What to do in response to repeat DRAM ECC error notifications for the same memory location

ecchardwarememory

I woke up this morning to what's a first for me; one of my systems had logged DRAM ECC error notifications. Three of them, in fact, for as far as I can tell the exact same memory location (obviously, the system isn't actually named localhost):

Aug 31 05:00:46 localhost kernel: [719099.816034] [Hardware Error]: CPU:0   MC4_STATUS[-|CE|MiscV|-|AddrV|-|-|CECC]: 0x9c6c40006b080a13
Aug 31 05:00:46 localhost kernel: [719099.816046] [Hardware Error]:         MC4_ADDR: 0x0000000641f49d20
Aug 31 05:00:46 localhost kernel: [719099.816051] [Hardware Error]: Northbridge Error (node 0): DRAM ECC error detected on the NB.
Aug 31 05:00:46 localhost kernel: [719099.816059] EDAC amd64 MC0: CE ERROR_ADDRESS= 0x641f49d20
Aug 31 05:00:46 localhost kernel: [719099.816070] EDAC MC0: CE page 0x641f49, offset 0xd20, grain 0, syndrome 0x6bd8, row 2, channel 0, label "": amd64_edac
Aug 31 05:00:46 localhost kernel: [719099.816075] [Hardware Error]: cache level: L3/GEN, mem/io: MEM, mem-tx: RD, part-proc: RES (no timeout)

The above was followed by an identical notification at system time 05:10:46 (719699.8160) and then one more at 05:20:46 (720299.8160) which also had Over on the CPU:0 MC4_STATUS line (status 0xdc6c40006b080813).
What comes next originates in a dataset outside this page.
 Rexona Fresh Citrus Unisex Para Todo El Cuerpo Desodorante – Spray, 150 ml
So far the system has been stable since, with no further errors logged. System activity is normal, and the system in question has been running with ECC RAM since 2014 but never logged any ECC errors.

I wouldn't be too worried about a single correctable ECC error. The almost exactly ten minutes (down to a few microseconds, in fact) in between the errors being logged could be simply for RAM scrubbing happening every ten minutes; unfortunately, on this particular system, the scrub interval is not exposed as a setting. However, the three consecutive errors in the same memory location (same value for CE ERROR_ADDRESS) does have me a little bit concerned.
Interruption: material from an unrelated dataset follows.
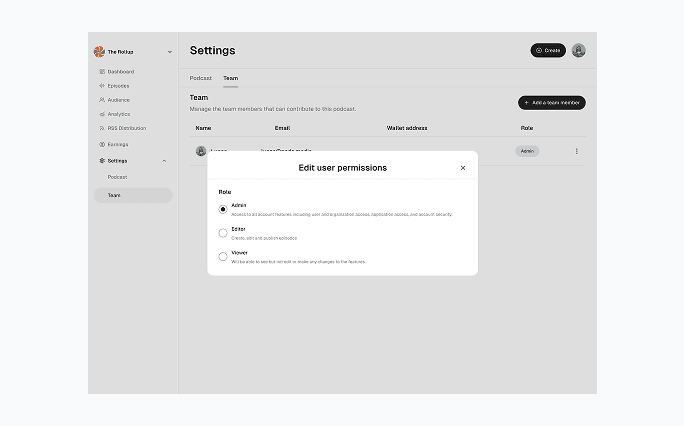 EDIT USER PERMISSIONS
Update: The host in question has logged several more since I originally posted this question, all with the same value for CE ERROR_ADDRESS.

How seriously should I take this? What's a good response; order replacement RAM right away and schedule to install it ASAP, treat this as just a momentary glitch, or be on toes to replace RAM if it happens again but no specific action right now?

Best Answer

ECC RAM tends to be used on critical servers. The system is reporting a hardware failure. If it's not a critical system and you don't mind everything going through it potentially corrupting, sure wait and see what happens, but if you care about your data more than the cost of the RAM replace the faulty RAM ASAP.